各社、箱根駅伝を活用して自社のランニングシューズを広げていきたい考えだ(画像:ゲッティイメージズより)

 ランニングシューズはメーカーによってサイズ感が微妙に異なり、弾み方などもそれぞれクセがある。最初に履いたメーカーのシューズを気に入れば、そのまま同じメーカーのモデルを履き続けるランナーは少なくない。箱根駅伝のインパクトを使って、新規顧客を掴みたい思いがあるはずだ。
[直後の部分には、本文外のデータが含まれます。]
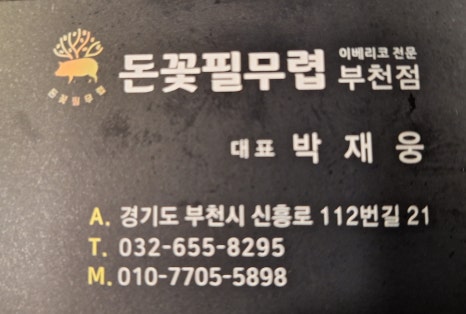 돈꽃삼겹살 이미지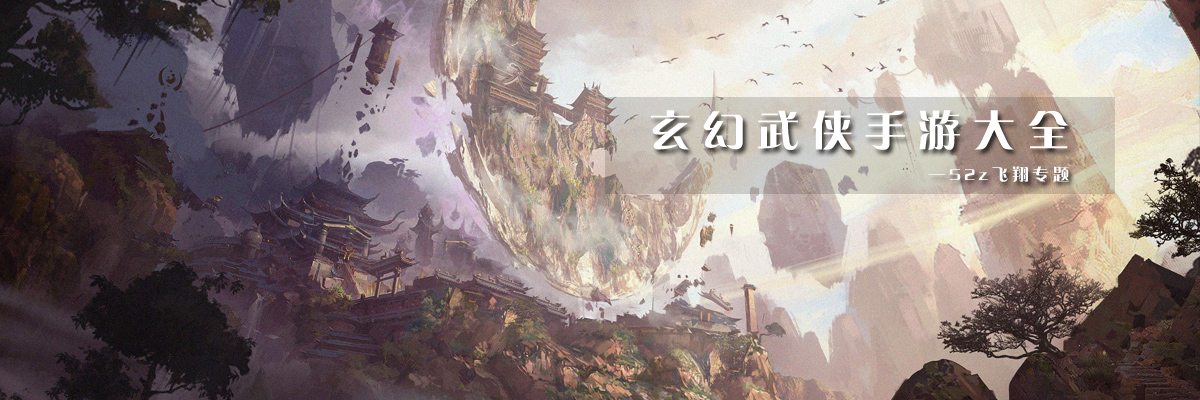 玄幻武侠手游大全 onerror=
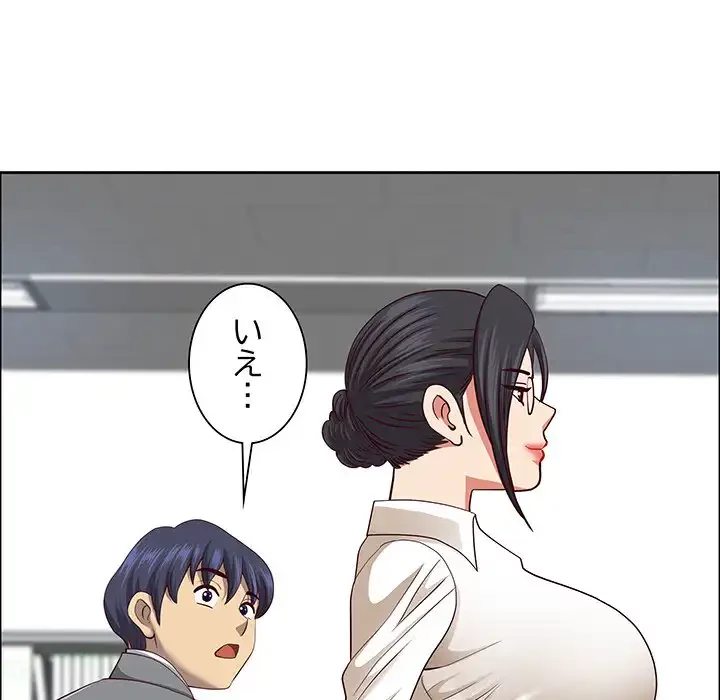 ビッグガイ 第31話 - 143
 また今回の駅伝コレクションは、すでに販売中のモデルが中心となる。異なるのはカラーリングのみだが、このようなパッケージとして発売することで、新たな広告を打てる。しかも箱根駅伝に出場する選手たちを起用することで、箱根駅伝のイメージも植え付けられるのだ。

 3社に限らず、今後は他メーカーも「駅伝パック」を展開するようになるかもしれない。

 では、そんな駅伝パックの売り上げに大きく影響を与える今年の箱根駅伝での足元争奪戦を勝ち抜くのはどのスポーツメーカーだろうか。昨年はナイキが圧倒的な差を見せつけた。2位争いはアディダスとアシックスの2社か、4位のプーマが怒涛の追い上げを見せるか。

 危ないのは5位のミズノだ。1997年から箱根駅伝の唯一の協賛にもかかわらず、前回大会の着用者は創価大・嶋津雄大選手(現・GMOインターネット)のみだった。嶋津選手が大学を卒業したことで、箱根駅伝から姿を消してしまうのだろうか。

 同社は23年3月期連結業績で売上高、営業利益、経常利益、純利益がいずれも過去最高を記録した。同年9月の中間決算でもさらなる伸びを見せているだけに、箱根駅伝の“戦い”で再び勝負をかけてくるかもしれない。